▶ Source information:
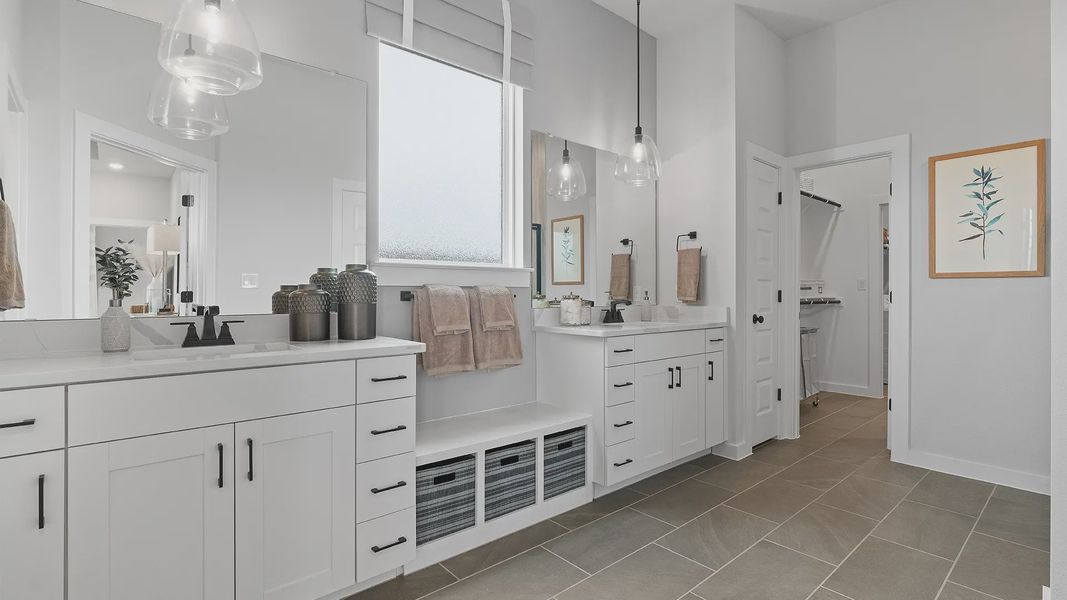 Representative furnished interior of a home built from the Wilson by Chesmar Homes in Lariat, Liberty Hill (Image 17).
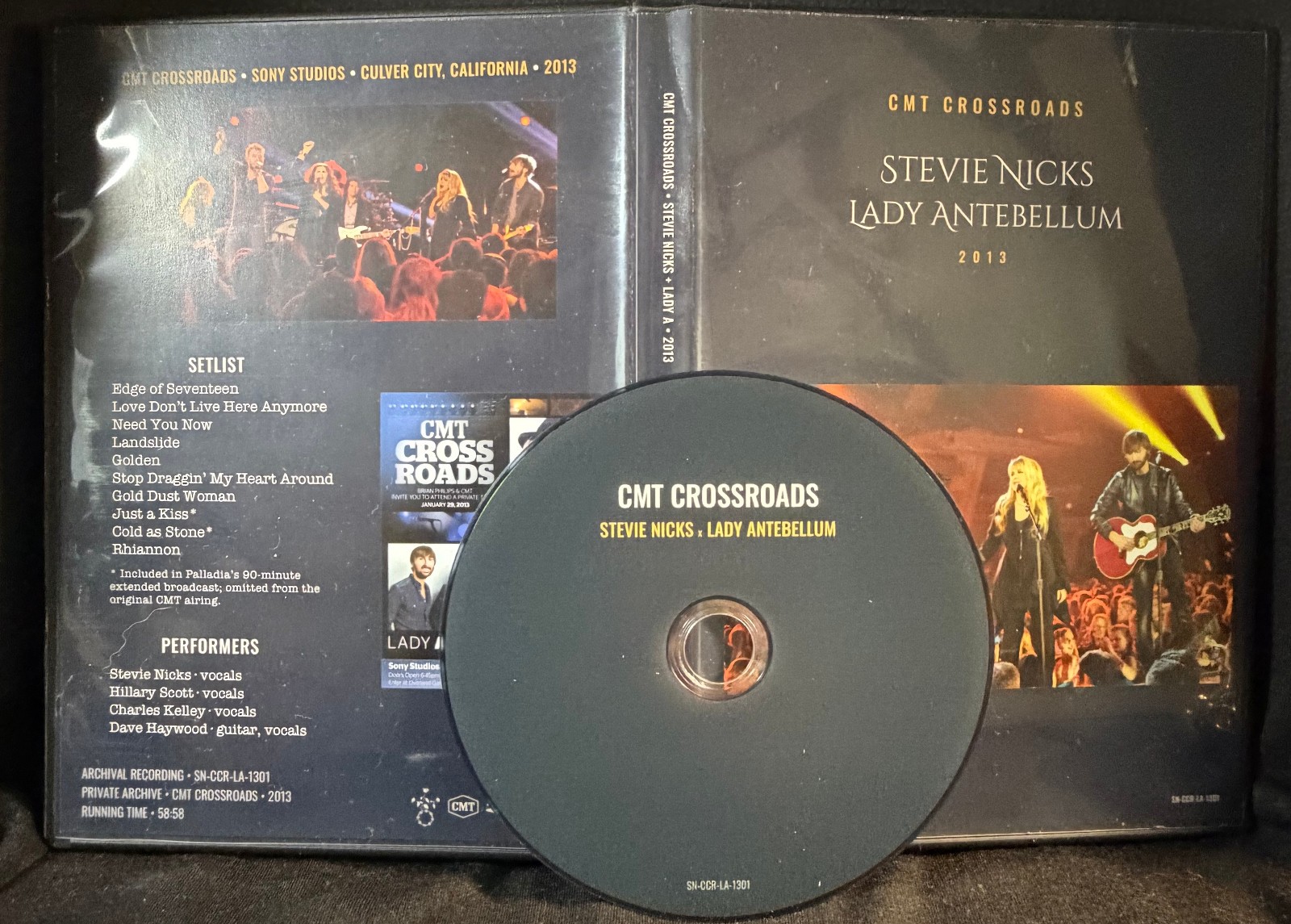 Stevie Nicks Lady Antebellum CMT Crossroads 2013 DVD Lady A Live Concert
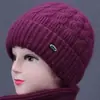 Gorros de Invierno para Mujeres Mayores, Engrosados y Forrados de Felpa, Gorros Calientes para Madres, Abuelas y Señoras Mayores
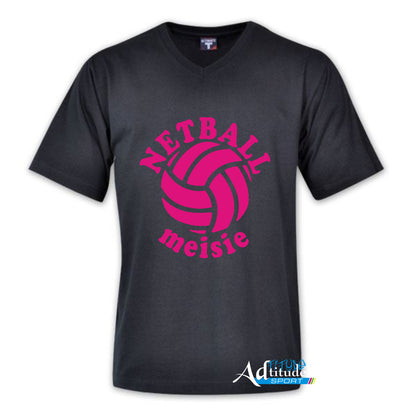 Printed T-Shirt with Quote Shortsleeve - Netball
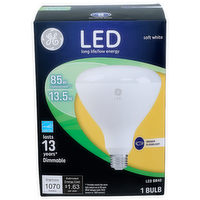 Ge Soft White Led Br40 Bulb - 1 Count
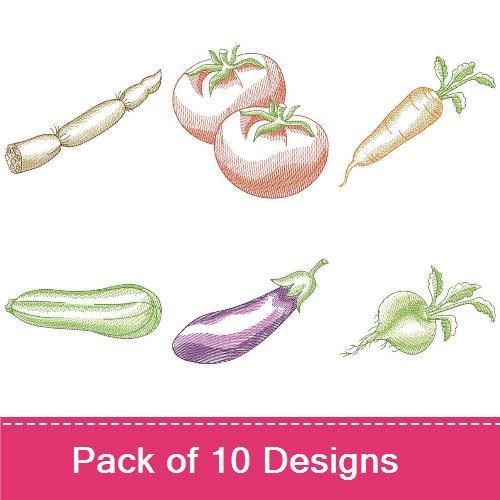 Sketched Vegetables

▶ What needs to be done: Please keep every line of the data the same when you reproduce it, and keep every picture out.

▶ Task response:
 Representative furnished interior of a home built from the Wilson by Chesmar Homes in Lariat, Liberty Hill (Image 17).
 Stevie Nicks Lady Antebellum CMT Crossroads 2013 DVD Lady A Live Concert
 Gorros de Invierno para Mujeres Mayores, Engrosados y Forrados de Felpa, Gorros Calientes para Madres, Abuelas y Señoras Mayores
 Printed T-Shirt with Quote Shortsleeve - Netball
 Ge Soft White Led Br40 Bulb - 1 Count
 Sketched Vegetables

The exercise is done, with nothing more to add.